Returning to our research questions, we summarize our findings as follows: First, we asked which metrics are best suited to assess classification quality. We demonstrated that the classification quality for the primary MSC subject can be evaluated with classical information retrieval methods such as precision, recall and \(F_{1}\)-score. We share the observation Barthel, Tönnies, and Balke [2] that the averages do not reflect the performance of outliers, cf. Fig. 1, 2, 3 and 4. However, for our methods the difference between the best and worst performing class was significantly smaller than reported by [2].

Second, we wanted to find out whether taking into account the mathematical formulae contained in publications could improve the accuracy of classifications. In accordance with [10], we did not find evidence that mathematical expressions improved pMSCn classification. However, we did not evaluate advanced encodings of mathematical formulae. This is will be a subject of future work, cf. Fig. 1.

Third we evaluated the effect of POS-preprocessing [11] and found that modern machine learning methods do not benefit from the POS tagging based model developed by [11], cf. Fig. 2.

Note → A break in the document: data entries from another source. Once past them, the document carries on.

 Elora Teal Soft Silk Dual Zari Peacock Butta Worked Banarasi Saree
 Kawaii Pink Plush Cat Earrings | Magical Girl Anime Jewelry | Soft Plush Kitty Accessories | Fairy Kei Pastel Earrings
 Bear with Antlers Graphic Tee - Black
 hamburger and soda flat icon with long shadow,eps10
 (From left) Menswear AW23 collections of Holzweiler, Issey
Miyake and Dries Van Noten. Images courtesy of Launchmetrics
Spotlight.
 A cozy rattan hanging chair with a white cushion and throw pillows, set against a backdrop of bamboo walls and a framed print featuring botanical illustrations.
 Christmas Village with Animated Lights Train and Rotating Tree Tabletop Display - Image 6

Fourth we evaluated which features are most important for an accurate classification. We conclude that references have the highest prediction power, followed by the abstract text and title.

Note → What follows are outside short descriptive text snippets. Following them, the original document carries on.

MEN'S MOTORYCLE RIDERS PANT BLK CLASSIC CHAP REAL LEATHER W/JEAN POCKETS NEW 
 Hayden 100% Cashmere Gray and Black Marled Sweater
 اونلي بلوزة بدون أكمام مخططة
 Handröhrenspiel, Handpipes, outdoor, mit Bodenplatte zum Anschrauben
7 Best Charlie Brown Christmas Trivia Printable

Finally, we evaluated the performance of automatic methods in comparison to a human baseline. We found that our best performing method has an \(F_1\) score of 77.2%. The manual classification is significantly better for most classes, cf. Fig. 4. However, the self-reported score can be used to reduce the manual classification effort by 86.2%, without a loss in classification quality.

In the future, we plan to extend our automated methods to predict full MSC codes. Moreover, we would like to be able to assign pMSCn to document sections, since we realize that some research just does not fit into one of the classes. We also plan to extend the application domain to other mathematical research artifacts, such as blog posts, software, or dataset descriptions. As a next step, we plan to generate pMSCn from authors using the same methods we applied for references. We speculate that authors will have a high impact on the classification, since authors often publish in the same field. For this purpose, we are leveraging our prior research on affiliation disambiguation, which could be used as fallback method for junior authors, who have not yet established a track record. Another extension is a better combination of the different features. Especially when performing research on the full MSC code-generation, we will need to use a different encoding for the MSC from references and authors. However, this new encoding requires more main memory for the training of the model and cannot be done on a standard laptop. Thereafter, we will re-investigate the impact of mathematical formulae since the inherently combined representation of text and formulae was not successful.

Fig. 8.
figure 8

Classification frontend

Our work represents a further step in the automation of Mathematics Subject Classification and can thus support reviewing services, such as zbMATH or Mathematical Reviews. For accessible exploration, we have made the best-performing approaches available in our AutoMSC implementation and have shared our code on our website. We envision that other application domains requiring an accurate labeling of publications into their respective Mathematics Subject Classification, for example, research paper recommendation systems, or reviewer recommendation systems, will also be able to benefit from this work. AutoMSC delivers comparable results to human experts in the first stage of MSC labeling, all without requiring manual labor or trained experts. In the future, zbMATH will use our new method for all journals that used to employ the method by Schöneberg and Sperber [11] introduced in 2014.